# [What to produce]
Repeat the listing exactly, minus the pictures.

________________________________________

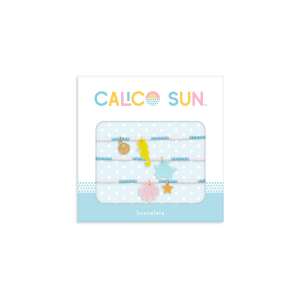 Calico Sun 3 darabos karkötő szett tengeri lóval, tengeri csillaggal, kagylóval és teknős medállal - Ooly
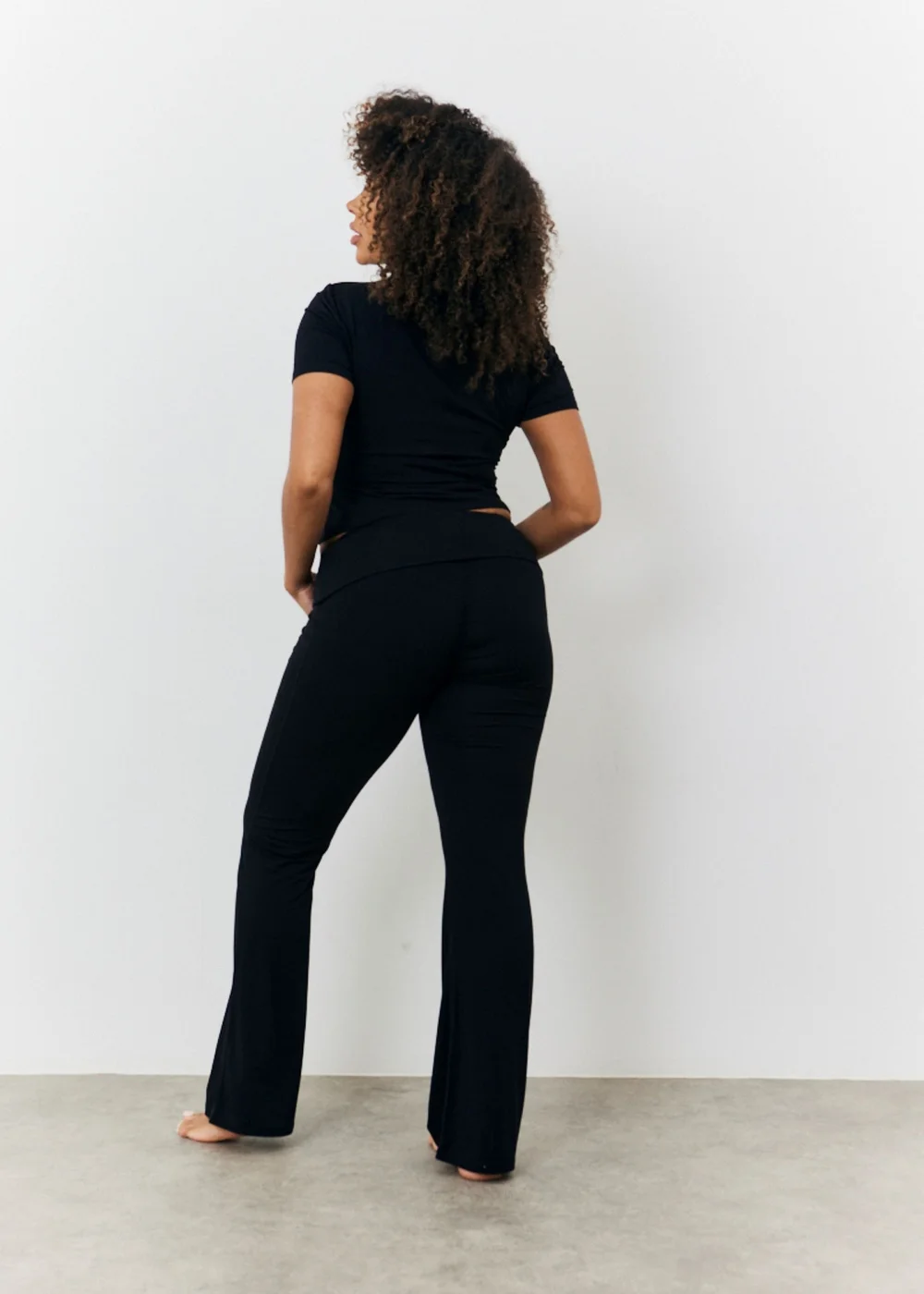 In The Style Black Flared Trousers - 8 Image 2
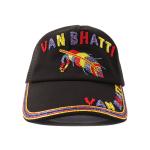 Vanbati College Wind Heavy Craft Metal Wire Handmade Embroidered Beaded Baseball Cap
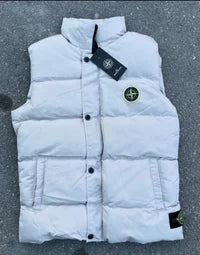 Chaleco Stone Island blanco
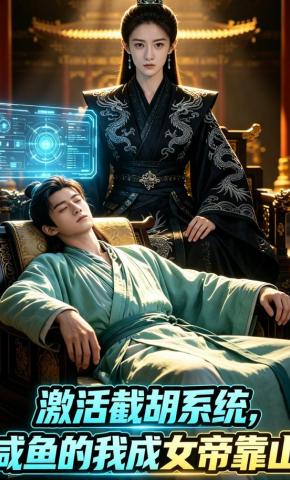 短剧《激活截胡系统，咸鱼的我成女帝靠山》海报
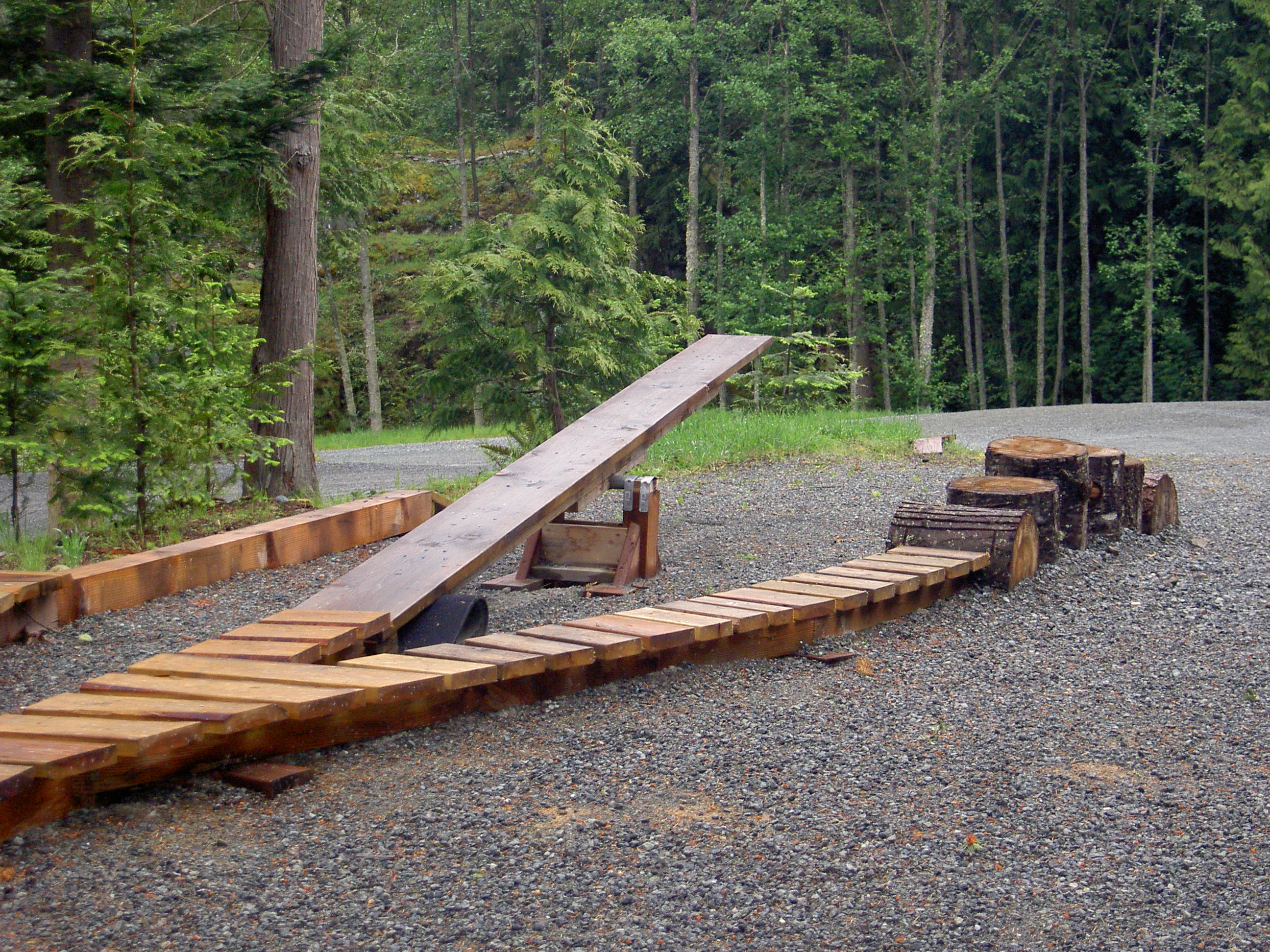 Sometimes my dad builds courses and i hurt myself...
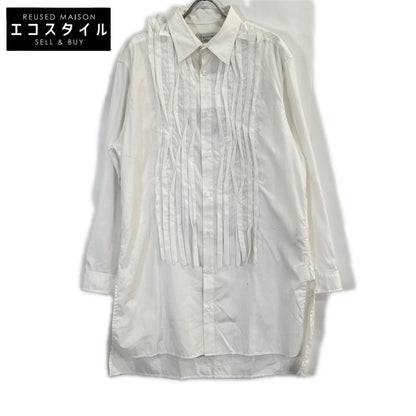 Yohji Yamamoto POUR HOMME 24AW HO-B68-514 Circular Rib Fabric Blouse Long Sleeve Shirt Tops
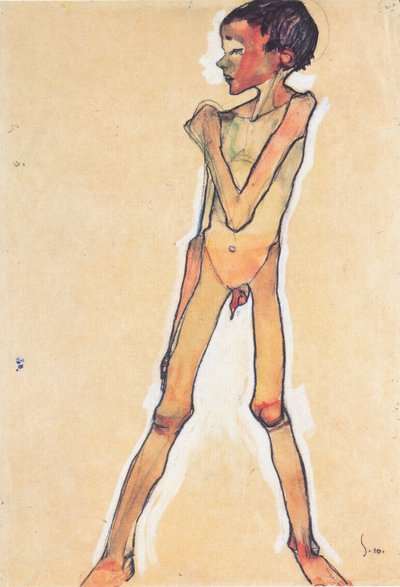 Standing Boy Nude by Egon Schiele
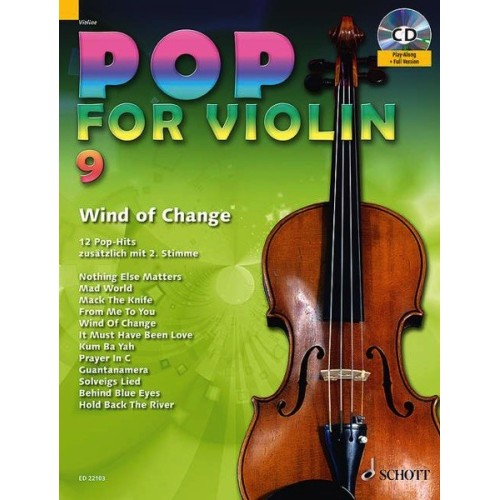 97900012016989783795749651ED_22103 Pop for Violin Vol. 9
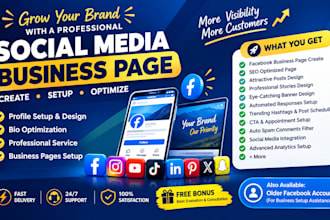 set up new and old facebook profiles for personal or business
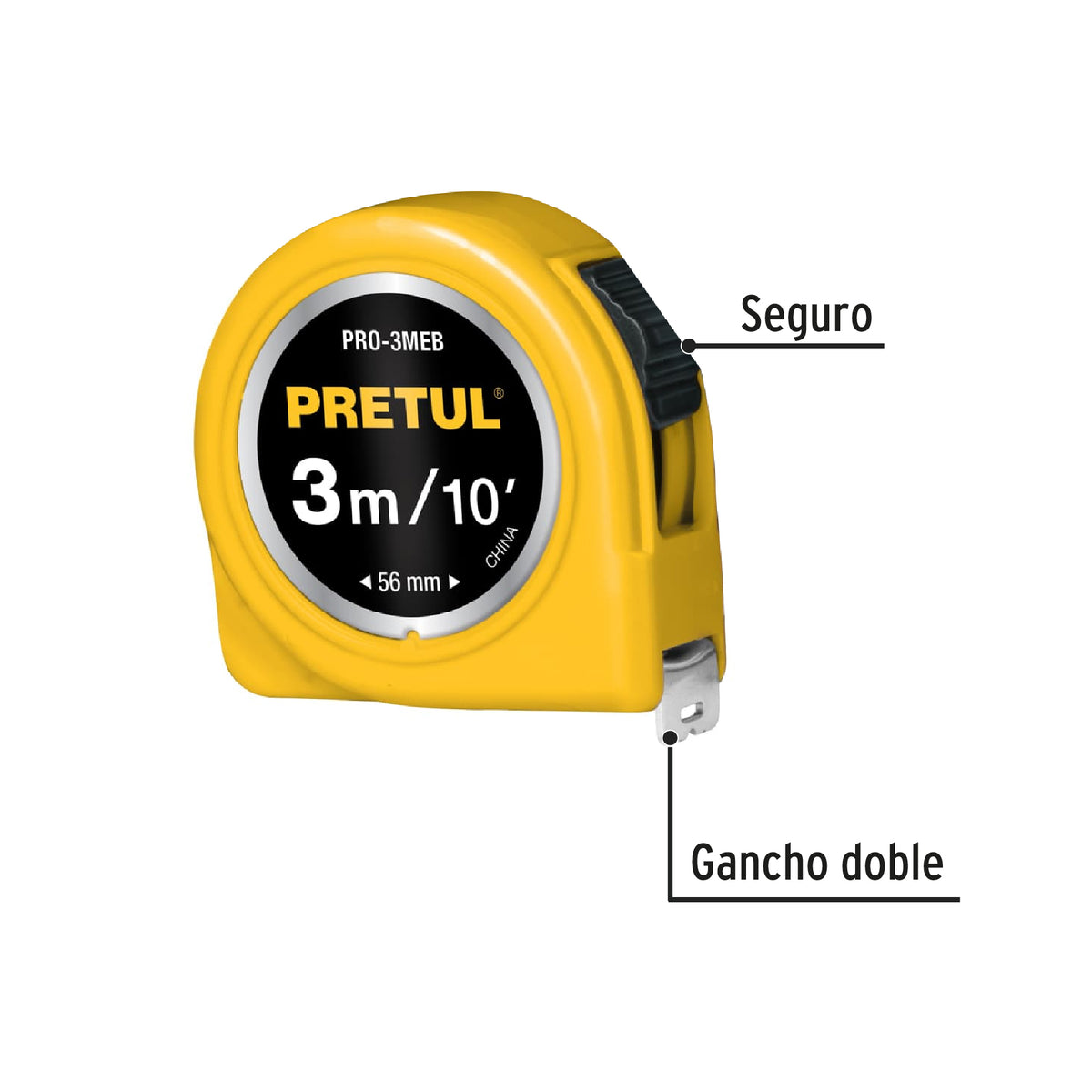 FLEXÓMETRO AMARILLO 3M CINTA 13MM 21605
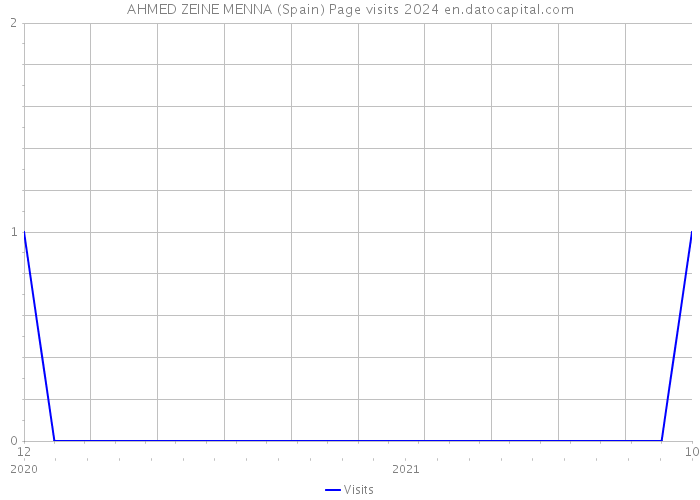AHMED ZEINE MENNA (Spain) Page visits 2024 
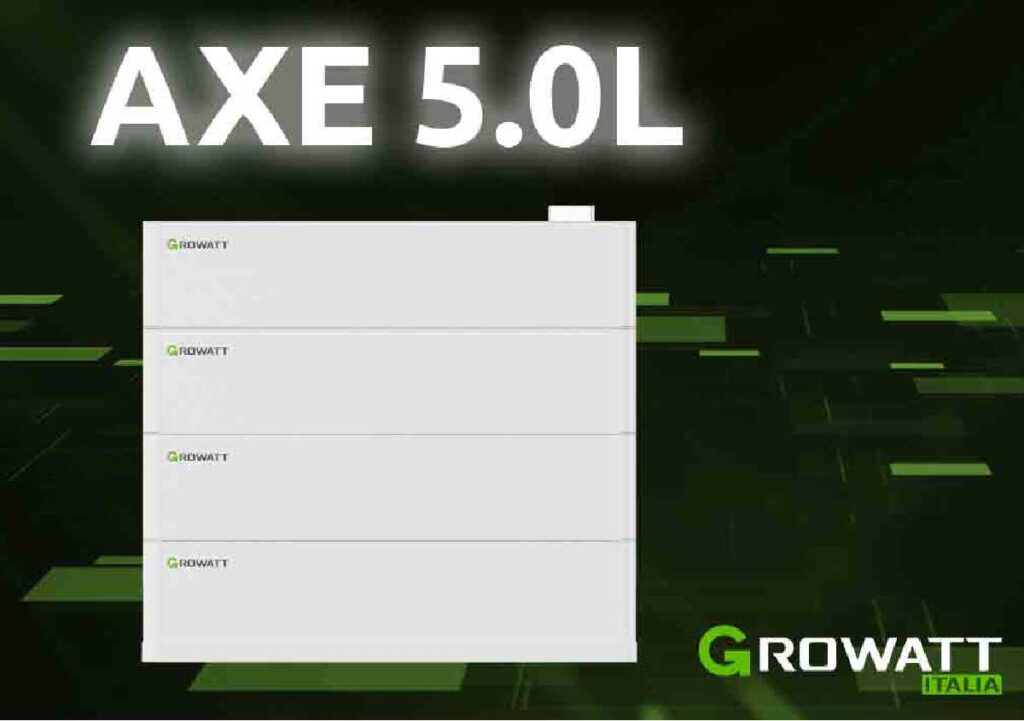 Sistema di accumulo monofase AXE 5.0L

________________________________________

# [Result for this task]
 Calico Sun 3 darabos karkötő szett tengeri lóval, tengeri csillaggal, kagylóval és teknős medállal - Ooly
 In The Style Black Flared Trousers - 8 Image 2
 Vanbati College Wind Heavy Craft Metal Wire Handmade Embroidered Beaded Baseball Cap
 Chaleco Stone Island blanco
 短剧《激活截胡系统，咸鱼的我成女帝靠山》海报
 Sometimes my dad builds courses and i hurt myself...
 Yohji Yamamoto POUR HOMME 24AW HO-B68-514 Circular Rib Fabric Blouse Long Sleeve Shirt Tops
 Standing Boy Nude by Egon Schiele
 97900012016989783795749651ED_22103 Pop for Violin Vol. 9
 set up new and old facebook profiles for personal or business
 FLEXÓMETRO AMARILLO 3M CINTA 13MM 21605
AHMED ZEINE MENNA (Spain) Page visits 2024 
 Sistema di accumulo monofase AXE 5.0L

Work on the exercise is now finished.